Sail to the Lands of the Dead



Sail to the Lands of the Dead

May 19, 2017

The Vikings were known as the master ship builders and sailors. With their excellence they were able to sail from their home of Scandinavia to the British Isles, Iceland, Greenland, America, coasts of Europe, and Russia. Maybe because these ships were so important to them throughout their lives that they chose to be buried in them instead of the tomb that we are used to see now. After their death, the deceased were put inside these ships with their funerary belongings and then these were covered with heaps of soil to create a mound. The Viking Ship Museum (Vikingskipshuset på Bygdøy) in Oslo houses three of such ship burials today. The Oseberg ship (820 AD) was the burial of two -possibly- important women died in 834 AD.  The other two, Gokstad and Tune burials, housed -powerful- men died around 900 AD. The Oseberg and Gokstad ships can be seen in a well-preserved situation since they were covered with compact layers of turf and clay.
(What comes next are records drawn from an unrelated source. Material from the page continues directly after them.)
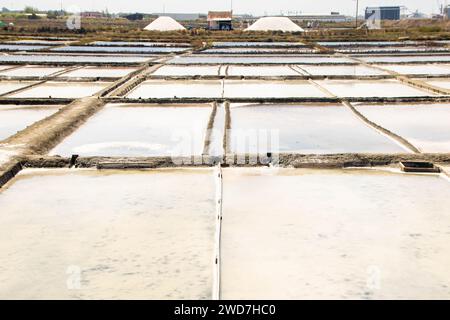 Salinas de Aveiro, salines d'Aveiro Banque D'Images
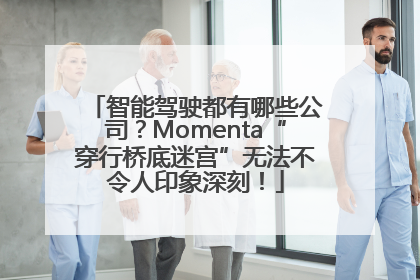 智能驾驶都有哪些公司？Momenta“穿行桥底迷宫”无法不令人印象深刻！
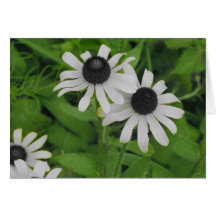 Margarita Notecard Felicitaciones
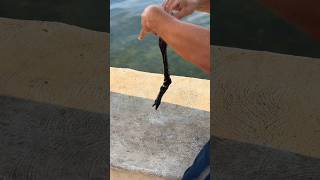 Caught a Morey Eel by accident! #shorts #eelfishing #eel #sealife #nature #tropicalfish #hawaii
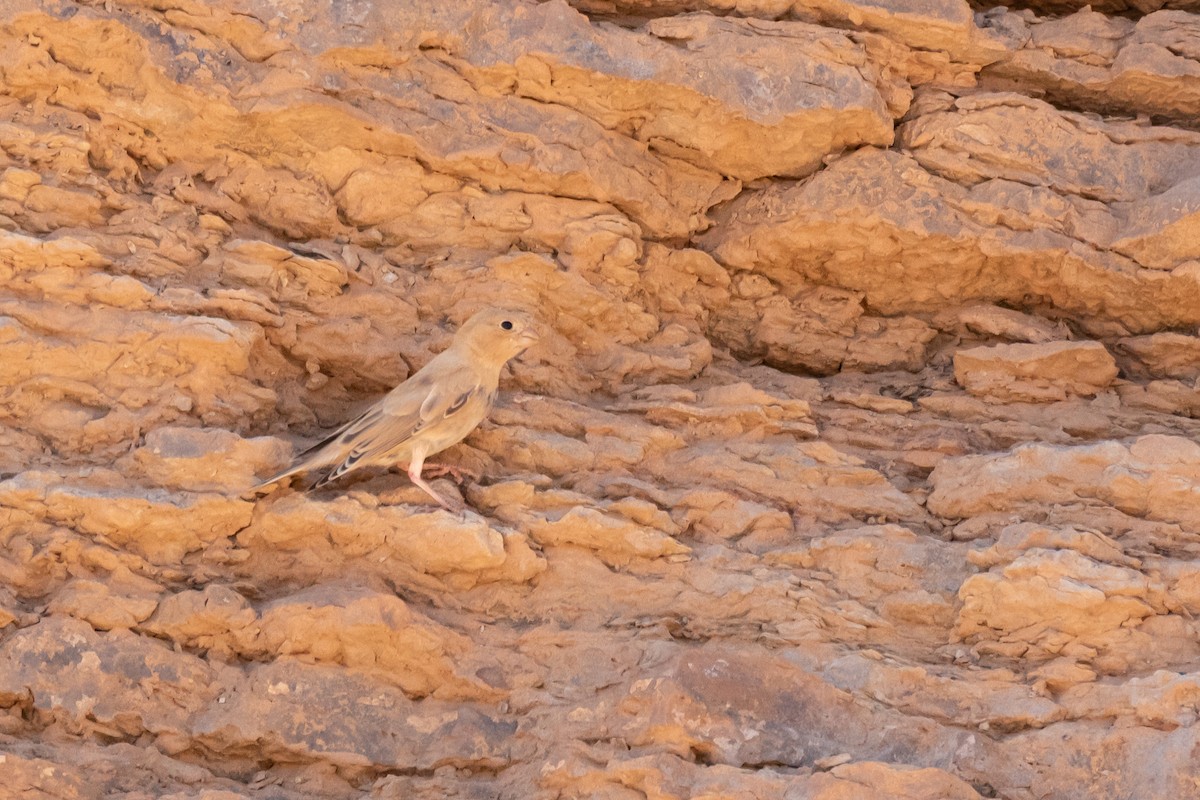 Trumpeter Finch - ML644523919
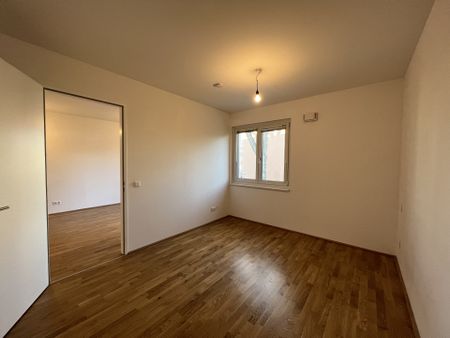 2 ZIMMER UND GARTEN - WOHNHAUSANLAGE SCHLEIERGASSE - Foto 5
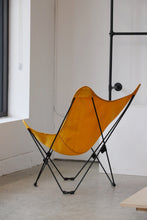 Load image into Gallery viewer, Y2K Folding Canvas Butterfly Chair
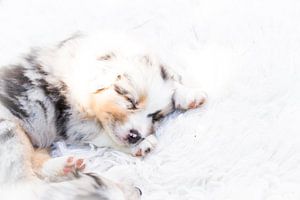 Slapende honden I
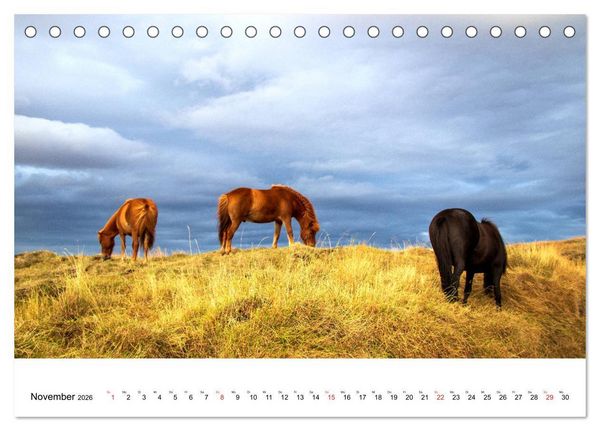 Produktbild: ISLAND Atemberaubende Natur aus Feuer und Eis (Tischkalender 2026 DIN A5 quer), CALVENDO Monatskalender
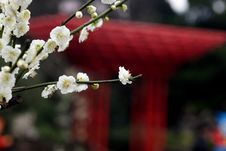 Xinzhuang Park Plum Royalty Free Stock Photos Xinzhuang Park Plum Royalty Free Stock Photos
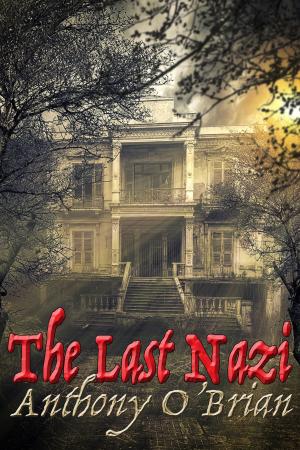 Cover of the book The Last Nazi by JM Ross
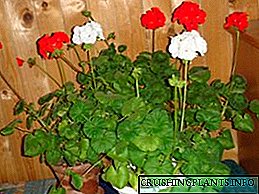 Uzazi kwa kutumia vipandikizi vya maua ya pelargonium (geranium)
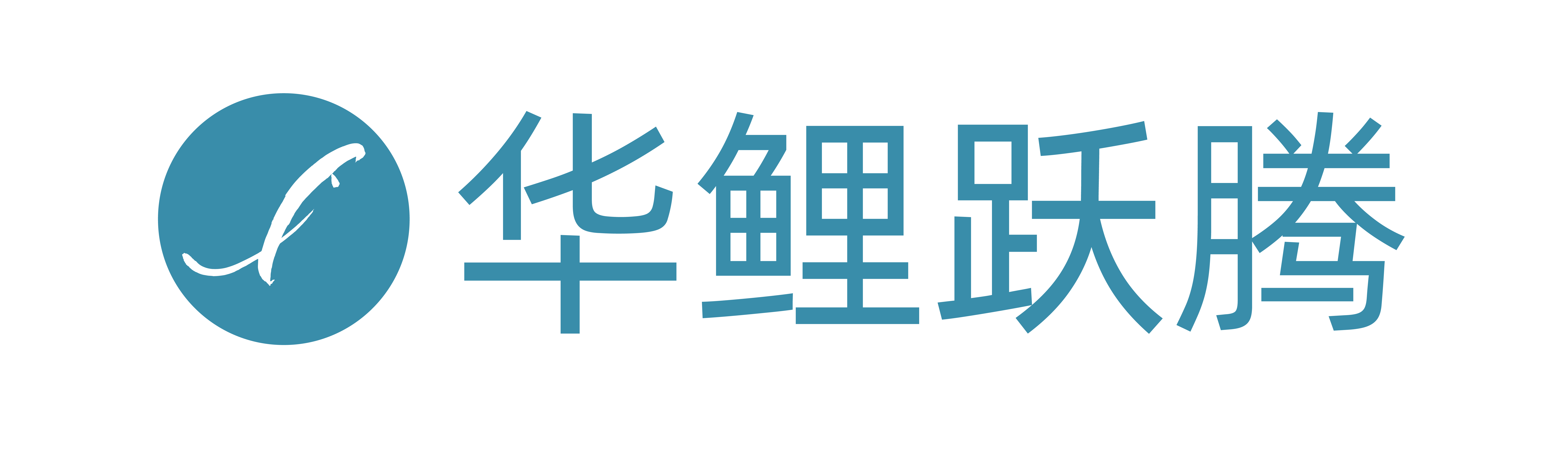 哈尔滨华鲤跃腾科技有限公司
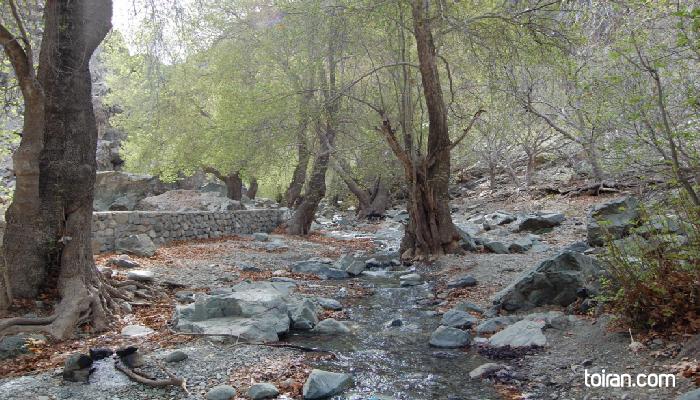 Jiroft- Dalfard Waterfall  (toiran.com)
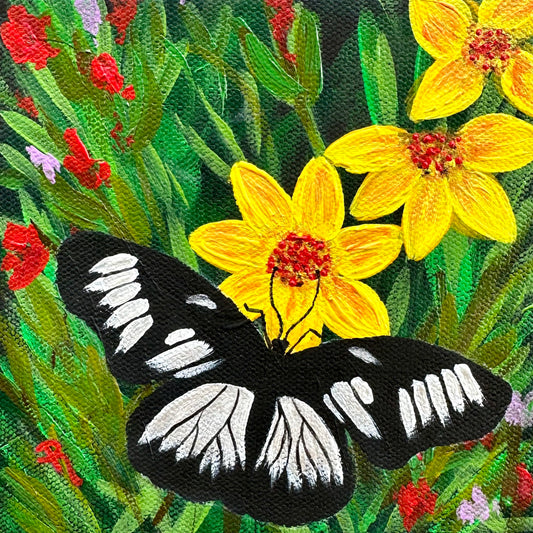 Zebra Wings Acrylic Painting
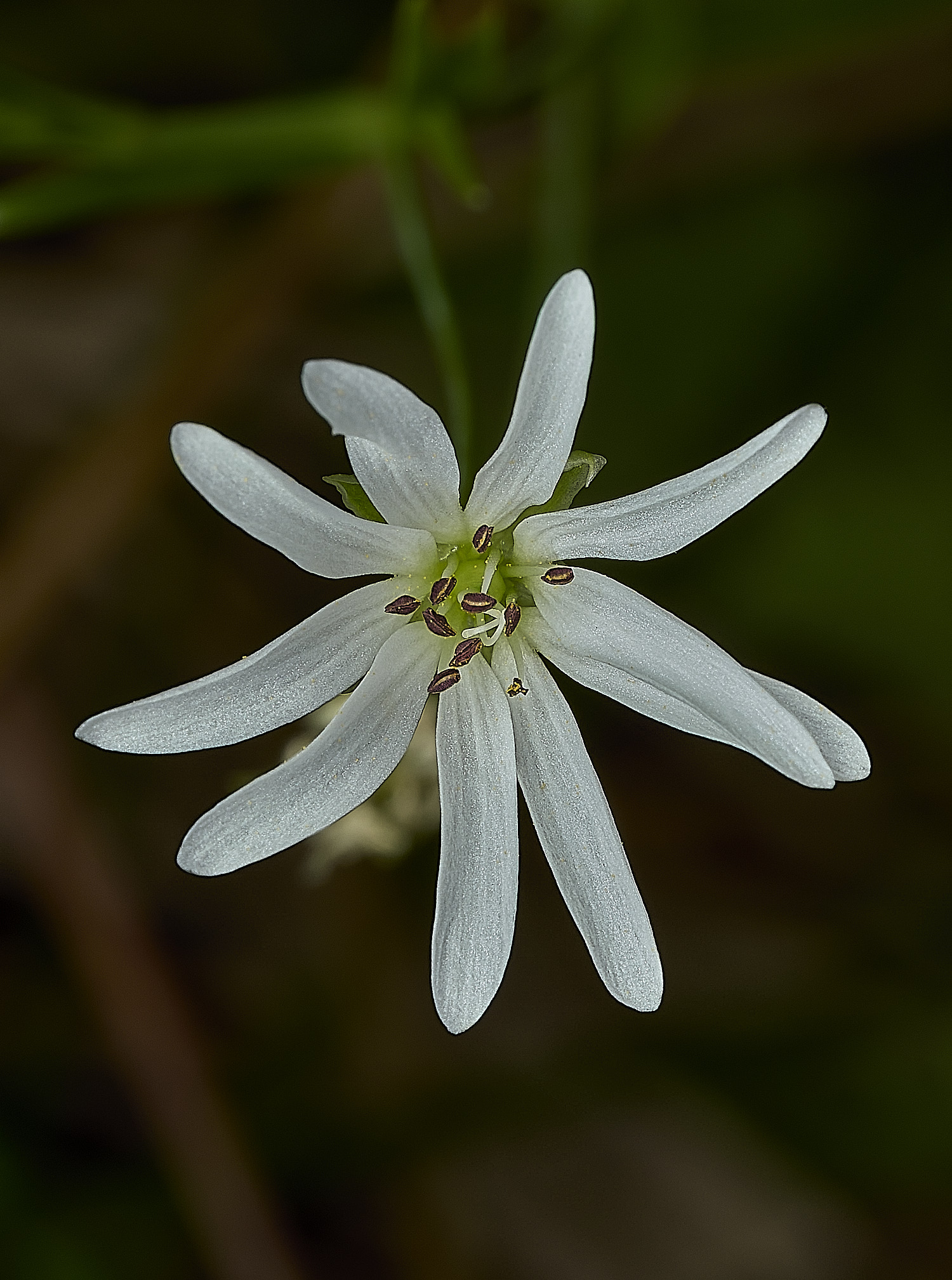 BurghCommonMarshStitchwort130626-1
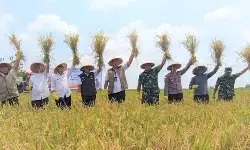 Bulog optimistis serap 4 Juta ton beras pada 2026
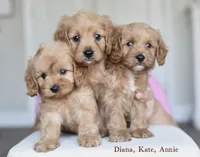 KATE, a female Cavapoo for sale in Athens, GA – Photo 3 of 3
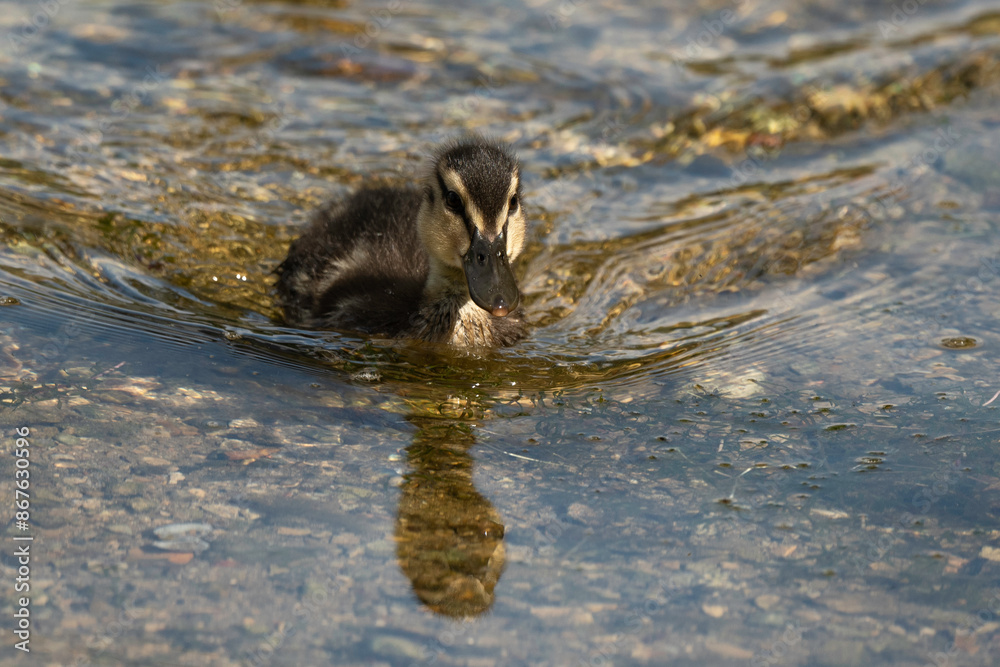Canard colvert,. Anas platyrhynchos, Mallard, mâle Canard colvert,. Anas platyrhynchos, Mallard, mâle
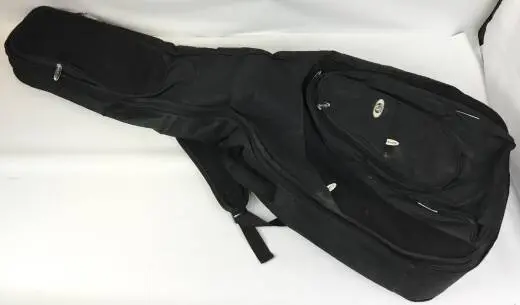Epiphone - Acoustic Bass 2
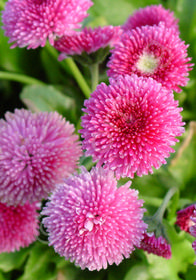 Bellis perennis 'Pomponette Rose'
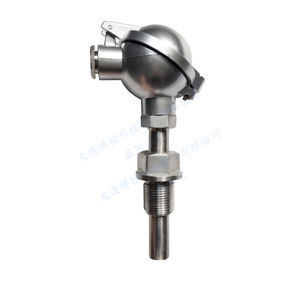 sonda di temperatura con tubo di estensione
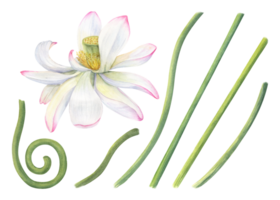 uppsättning av rosa lotus delar för skapande kompositioner. blomning blomma huvuden, grön stjälkar av vatten lilja. konstruktör för skapande bisarr blomma former. vattenfärg illustration för design png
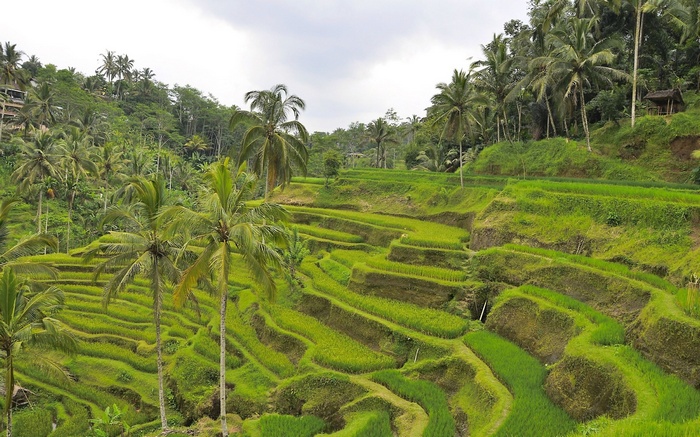 Terraced rice paddies with palm trees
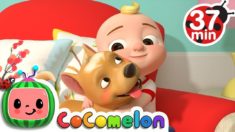 My Dog Song + More Nursery Rhymes & Kids Songs – CoCoMelon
However, since these ships were looted soon after their burials, precious relics were not found but the remaining ones show that they thought they would need their earthly tools wherever they would go after. Since it is not possible to depict a destination for this final journey among a numerous afterlife stories in the Viking mythology as to what happens to the deceased today, from the Valhalla of the warriors to the Hel as the underworld, it remains a mystery how they embellished these burials in a complete picture, unfortunately.